India’s wholesale inflation cooled to its weakest pace in 10 months in November, a sign the economy may finally be escaping a long period of price pressure and raising the chances of a rate cut in January.

The wholesale price index (WPI), India’s main inflation gauge, rose 7.24 per cent from a year earlier, below expectations for a rise of 7.6pc and below October’s 7.45pc. An easing in annual fuel and manufacturing inflation helped rein in price pressures.

The Reserve Bank of India (RBI) holds its next policy meeting recently but has said a rate cut is “highly improbable.” The tilt towards a period of softer inflation though is raising expectations the central bank might cut its 8pc repo rate in January.

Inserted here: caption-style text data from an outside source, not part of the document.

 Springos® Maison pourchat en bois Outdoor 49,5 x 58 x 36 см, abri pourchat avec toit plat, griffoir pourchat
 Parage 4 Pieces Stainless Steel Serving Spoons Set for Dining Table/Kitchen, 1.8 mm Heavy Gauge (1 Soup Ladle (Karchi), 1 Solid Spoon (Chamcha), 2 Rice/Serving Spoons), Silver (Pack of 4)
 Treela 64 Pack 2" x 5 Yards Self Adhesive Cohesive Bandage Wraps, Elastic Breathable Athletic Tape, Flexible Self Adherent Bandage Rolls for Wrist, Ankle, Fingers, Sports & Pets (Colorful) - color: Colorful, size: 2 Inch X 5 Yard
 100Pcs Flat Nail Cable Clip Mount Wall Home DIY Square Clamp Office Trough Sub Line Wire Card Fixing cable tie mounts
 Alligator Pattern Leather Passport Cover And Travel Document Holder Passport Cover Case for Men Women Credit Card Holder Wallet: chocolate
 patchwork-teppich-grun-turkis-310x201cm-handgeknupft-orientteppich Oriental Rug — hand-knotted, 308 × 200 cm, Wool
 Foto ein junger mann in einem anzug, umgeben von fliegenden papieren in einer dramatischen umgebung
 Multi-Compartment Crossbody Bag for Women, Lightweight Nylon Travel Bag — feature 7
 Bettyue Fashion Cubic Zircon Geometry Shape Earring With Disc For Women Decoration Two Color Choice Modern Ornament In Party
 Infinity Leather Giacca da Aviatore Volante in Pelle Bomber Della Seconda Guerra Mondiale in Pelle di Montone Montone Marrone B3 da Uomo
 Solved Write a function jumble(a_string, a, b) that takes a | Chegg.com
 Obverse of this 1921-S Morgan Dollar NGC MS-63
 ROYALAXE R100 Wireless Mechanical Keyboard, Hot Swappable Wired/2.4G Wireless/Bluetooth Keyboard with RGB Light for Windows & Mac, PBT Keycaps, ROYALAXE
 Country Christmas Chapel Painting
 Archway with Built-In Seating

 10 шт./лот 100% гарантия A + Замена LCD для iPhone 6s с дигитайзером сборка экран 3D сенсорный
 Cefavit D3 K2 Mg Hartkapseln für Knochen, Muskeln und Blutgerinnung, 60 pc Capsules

“The probability of a rate reduction in the month of January has now gone up,” said Rupa Rege Nitsure, chief economist at Bank of Baroda in Mumbai.

November was the second straight month that prices rose less than economists had forecast, which Robert Prior-Wandesforde, economist with Credit Suisse in Singapore described as a “pleasant surprise”.

“I think maybe this is the first sign we’re getting another downward leg in inflation,” said Prior-Wandesforde, who forecasts inflation will drop below six per cent in 2013, possibly leading to a series of rate cuts.

India’s one-year overnight index swap fell around three basis points after yesterday’s data.

Cooling prices are welcome news for Prime Minister Manmohan Singh, a veteran economist who has launched a raft of reforms since September aimed at reviving both the economy and his government’s flagging fortunes ahead of a general election.

“Our expectation is it will trend downwards over the next two to three months,” Finance Minister P Chidambaram said.

The inflation data comes after an increase in industrial output in October and data indicating that infrastructure output and investment are picking up, raising hopes a slide in India’s economic growth is coming to an end.

The government approved a new body to streamline infrastructure projects, and bills aimed at attracting more foreign cash into the banking, pension and insurance industries may be passed next week.

Recent government policies to attract investment from foreign supermarkets and to tackle budget-busting fuel subsidies pleased domestic markets, but economists say more needs to be done to control India’s fiscal deficit, which is the biggest among major emerging economies as a proportion of GDP.